Ramdeen, who was ailing for some time, was a retired attorney, author, and teacher.
He was a member of the Democratic Labour Party (DLP) led by Dr. Rudranath Capildeo which formed the Opposition against the People’s National Movement (PNM) led by Dr. Eric Williams.
Ramdeen was a Member of Parliament from 1961- 1966.
Ramdeen was born in Sangre Chiquito, Sangre Grande in 1925. His grandfather came to Trinidad from India in 1874. They all belonged to the Dial family.
His grandfather was an owner of extensive cocoa plantations.
Ramdeen attended the Canadian Mission Primary School in Sangre Chiquito which his father had also attended.
He then attended the private secondary school, St Andrew’s High School, also called Dasent High School, as well as other schools. He taught briefly at his alma mater just after leaving school.
He was always involved in community work. When India obtained its Independence from the British, Ramdeen was the president of the Indian Youth Movement in Sangre Grande. He was also the captain of the cricket club in his district and a member of a table tennis club.
At the request of parents, he returned to Sangre Grande and established his own private secondary and commercial school called “The Acme High School”.
After a number of years, he closed his school and accepted a job in the Malaria Division of the Health Service. Shortly thereafter, he successfully applied for the position of clerk of Caroni County Council. He moved to live in Chaguanas.
While he worked as clerk of the Caroni County Council, Ramdeen was awarded a British Council Bursary to study local government in the United Kingdom.
Under various pseudonyms, he began writing letters which were published in the local press. By doing so, he attempted to alleviate the condition, mainly of the sugar workers who were subjected to degrading conditions of work.
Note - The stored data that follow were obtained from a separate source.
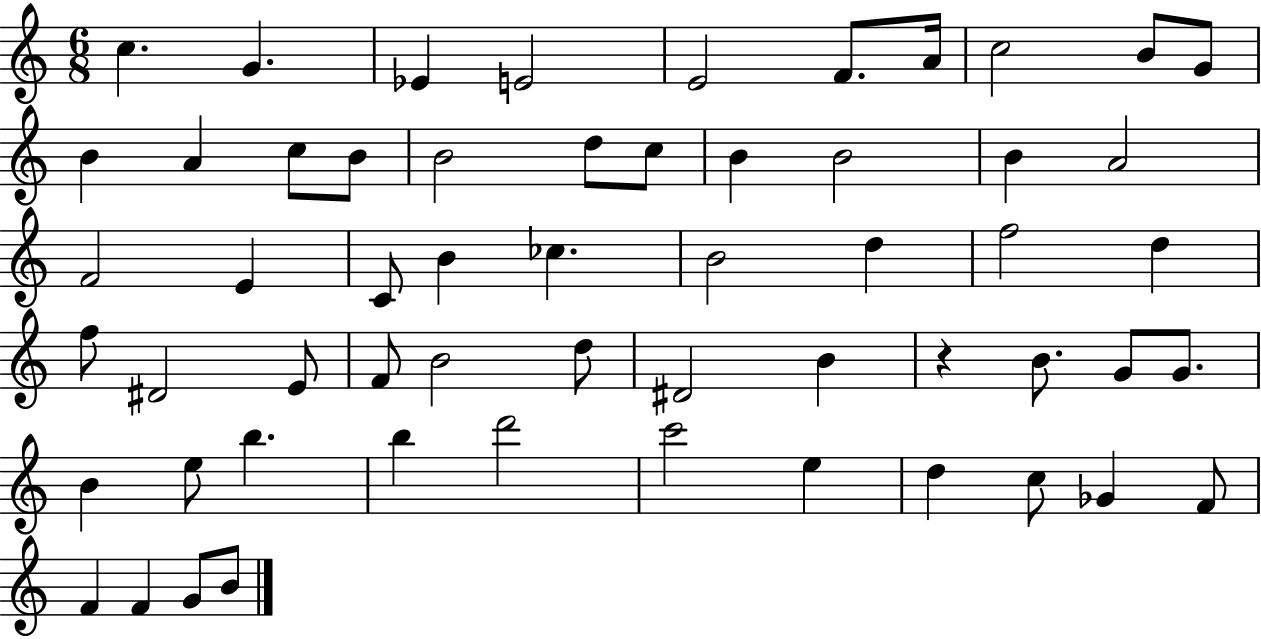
C5/q. G4/q. Eb4/q E4/h E4/h F4/e. A4/s C5/h B4/e G4/e B4/q A4/q C5/e B4/e B4/h D5/e C5/e B4/q B4/h B4/q A4/h F4/h E4/q C4/e B4/q CES5/q. B4/h D5/q F5/h D5/q F5/e D#4/h E4/e F4/e B4/h D5/e D#4/h B4/q R/q B4/e. G4/e G4/e. B4/q E5/e B5/q. B5/q D6/h C6/h E5/q D5/q C5/e Gb4/q F4/e F4/q F4/q G4/e B4/e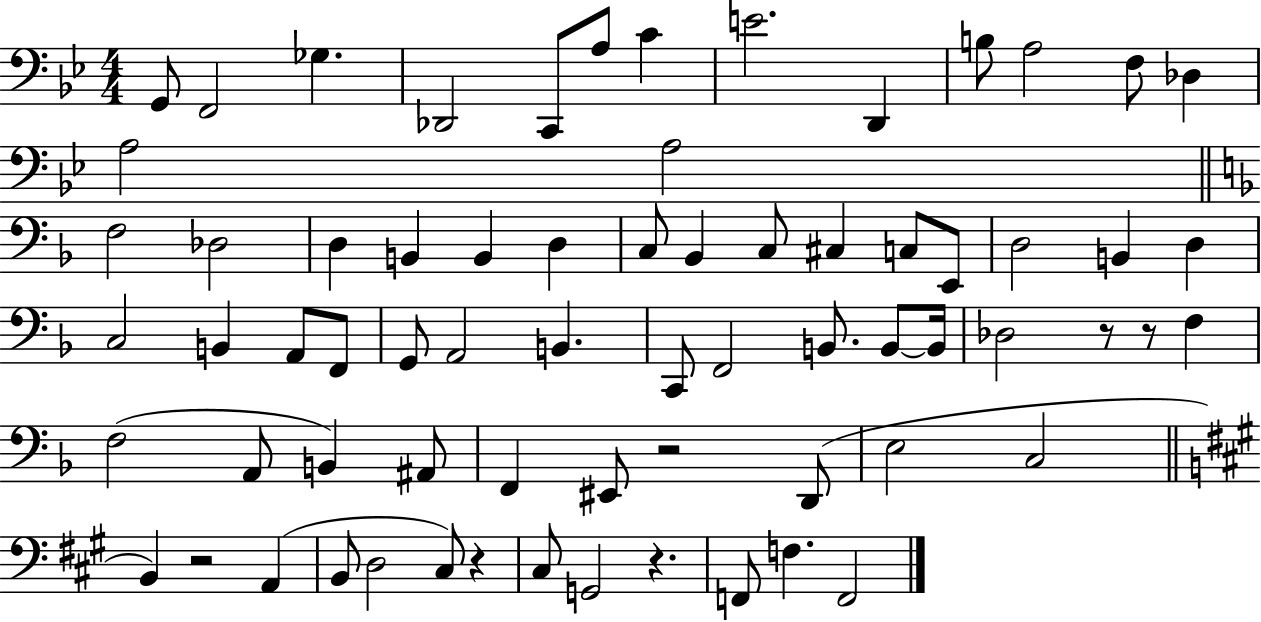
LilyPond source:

{
  \clef bass
  \numericTimeSignature
  \time 4/4
  \key bes \major
  g,8 f,2 ges4. | des,2 c,8 a8 c'4 | e'2. d,4 | b8 a2 f8 des4 | \break a2 a2 | \bar "||" \break \key f \major f2 des2 | d4 b,4 b,4 d4 | c8 bes,4 c8 cis4 c8 e,8 | d2 b,4 d4 | \break c2 b,4 a,8 f,8 | g,8 a,2 b,4. | c,8 f,2 b,8. b,8~~ b,16 | des2 r8 r8 f4 | \break f2( a,8 b,4) ais,8 | f,4 eis,8 r2 d,8( | e2 c2 | \bar "||" \break \key a \major b,4) r2 a,4( | b,8 d2 cis8) r4 | cis8 g,2 r4. | f,8 f4. f,2 | \break \bar "|."
}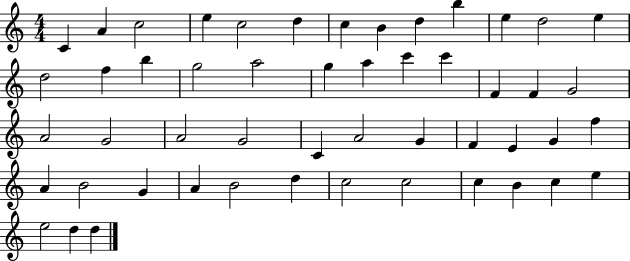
C4/q A4/q C5/h E5/q C5/h D5/q C5/q B4/q D5/q B5/q E5/q D5/h E5/q D5/h F5/q B5/q G5/h A5/h G5/q A5/q C6/q C6/q F4/q F4/q G4/h A4/h G4/h A4/h G4/h C4/q A4/h G4/q F4/q E4/q G4/q F5/q A4/q B4/h G4/q A4/q B4/h D5/q C5/h C5/h C5/q B4/q C5/q E5/q E5/h D5/q D5/q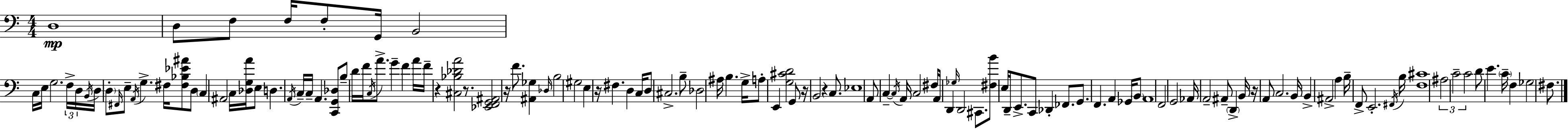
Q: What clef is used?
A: bass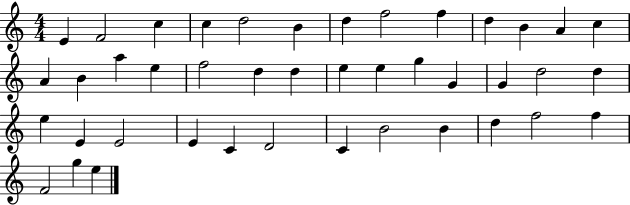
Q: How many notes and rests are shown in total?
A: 42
Under his own name, Ramdeen was a contributing editor of the Sentinel Magazine, co-editor of the Windian Magazine, a regular contributor to the Observer Magazine and a columnist in one of the daily newspapers.
As a member of the Opposition, Ramdeen fought for the development of basic amenities, pipe-borne water supply, electricity, and good roads, particularly for rural communities island-wide.
He resisted the importation of cane-cutting machines which would have deprived almost all of the sugar workers, almost entirely people of East Indian descent, of their livelihood. In spite of resistance, these machines were imported, displacing thousands of sugarcane workers – virtually all being of East Indian origin.
He left Trinidad in 1967 and was called to the bar in London in 1972. He later returned to Trinidad with his wife, Ruby, to practice his profession.
He is the father of seven children, 10 grandchildren, and 14 great-grandchildren.
When his wife died in 1995, he returned to Trinidad and published five short books on politics, poetry, and religion. He was an avid Hindu who taught extensively on Hinduism.